PROBLEM TO WORK ON: Transcribe the data below verbatim from the line with "Warhammer 40K - Leagues" to the line with "Recette EXPRESS TAGLIATELLES". Include both of those lines.

(Short web captions)
BEGIN

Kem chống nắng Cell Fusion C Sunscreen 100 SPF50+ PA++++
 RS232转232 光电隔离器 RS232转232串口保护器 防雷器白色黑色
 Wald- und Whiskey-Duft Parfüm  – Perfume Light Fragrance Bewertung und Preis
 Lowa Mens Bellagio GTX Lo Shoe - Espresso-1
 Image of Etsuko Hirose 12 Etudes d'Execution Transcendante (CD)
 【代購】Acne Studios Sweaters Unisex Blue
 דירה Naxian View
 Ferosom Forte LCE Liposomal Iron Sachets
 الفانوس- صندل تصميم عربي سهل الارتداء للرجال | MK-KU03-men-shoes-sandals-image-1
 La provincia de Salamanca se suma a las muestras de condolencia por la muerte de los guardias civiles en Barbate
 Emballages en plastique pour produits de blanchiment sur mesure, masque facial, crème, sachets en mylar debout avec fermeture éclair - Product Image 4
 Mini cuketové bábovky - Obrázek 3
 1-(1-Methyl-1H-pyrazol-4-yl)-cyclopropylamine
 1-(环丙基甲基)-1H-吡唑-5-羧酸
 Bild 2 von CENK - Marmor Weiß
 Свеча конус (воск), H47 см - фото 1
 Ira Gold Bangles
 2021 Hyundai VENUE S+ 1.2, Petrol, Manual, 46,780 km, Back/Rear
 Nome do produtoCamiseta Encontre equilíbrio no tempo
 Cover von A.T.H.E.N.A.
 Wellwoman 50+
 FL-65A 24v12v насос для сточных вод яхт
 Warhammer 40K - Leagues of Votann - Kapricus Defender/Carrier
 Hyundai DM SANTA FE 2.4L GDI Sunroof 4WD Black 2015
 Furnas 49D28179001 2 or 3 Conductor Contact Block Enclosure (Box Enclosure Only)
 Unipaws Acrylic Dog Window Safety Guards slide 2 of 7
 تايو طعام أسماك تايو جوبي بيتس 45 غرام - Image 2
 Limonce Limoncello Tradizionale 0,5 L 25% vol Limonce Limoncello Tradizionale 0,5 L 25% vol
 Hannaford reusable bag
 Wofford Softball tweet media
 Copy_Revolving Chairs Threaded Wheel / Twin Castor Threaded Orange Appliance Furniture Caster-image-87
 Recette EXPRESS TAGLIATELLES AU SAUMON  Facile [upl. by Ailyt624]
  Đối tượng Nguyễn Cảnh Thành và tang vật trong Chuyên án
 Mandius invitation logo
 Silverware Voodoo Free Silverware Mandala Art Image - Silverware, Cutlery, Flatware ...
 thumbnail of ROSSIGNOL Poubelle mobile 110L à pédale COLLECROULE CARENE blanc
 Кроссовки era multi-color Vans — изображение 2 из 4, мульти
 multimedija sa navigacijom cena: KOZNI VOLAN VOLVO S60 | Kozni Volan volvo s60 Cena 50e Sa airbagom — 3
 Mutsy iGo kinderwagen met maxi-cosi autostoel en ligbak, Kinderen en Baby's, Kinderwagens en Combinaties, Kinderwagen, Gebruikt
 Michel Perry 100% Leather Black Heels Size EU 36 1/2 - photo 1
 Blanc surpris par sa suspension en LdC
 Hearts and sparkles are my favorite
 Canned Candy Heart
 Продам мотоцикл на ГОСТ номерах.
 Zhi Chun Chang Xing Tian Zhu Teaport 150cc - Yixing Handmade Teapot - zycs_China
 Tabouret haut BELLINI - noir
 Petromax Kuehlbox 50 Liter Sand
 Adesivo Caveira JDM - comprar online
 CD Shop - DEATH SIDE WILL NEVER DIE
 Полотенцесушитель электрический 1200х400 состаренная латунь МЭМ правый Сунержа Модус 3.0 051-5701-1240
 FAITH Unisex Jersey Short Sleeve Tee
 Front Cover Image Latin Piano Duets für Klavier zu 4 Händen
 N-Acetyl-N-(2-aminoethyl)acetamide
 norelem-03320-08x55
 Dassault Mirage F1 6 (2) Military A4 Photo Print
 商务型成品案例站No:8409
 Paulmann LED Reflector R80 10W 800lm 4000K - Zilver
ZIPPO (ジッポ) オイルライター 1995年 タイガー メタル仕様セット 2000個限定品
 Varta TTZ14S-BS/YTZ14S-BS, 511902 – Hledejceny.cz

END

EXERCISE ANSWER:
 Warhammer 40K - Leagues of Votann - Kapricus Defender/Carrier
 Hyundai DM SANTA FE 2.4L GDI Sunroof 4WD Black 2015
 Furnas 49D28179001 2 or 3 Conductor Contact Block Enclosure (Box Enclosure Only)
 Unipaws Acrylic Dog Window Safety Guards slide 2 of 7
 تايو طعام أسماك تايو جوبي بيتس 45 غرام - Image 2
 Limonce Limoncello Tradizionale 0,5 L 25% vol Limonce Limoncello Tradizionale 0,5 L 25% vol
 Hannaford reusable bag
 Wofford Softball tweet media
 Copy_Revolving Chairs Threaded Wheel / Twin Castor Threaded Orange Appliance Furniture Caster-image-87
 Recette EXPRESS TAGLIATELLES AU SAUMON  Facile [upl. by Ailyt624]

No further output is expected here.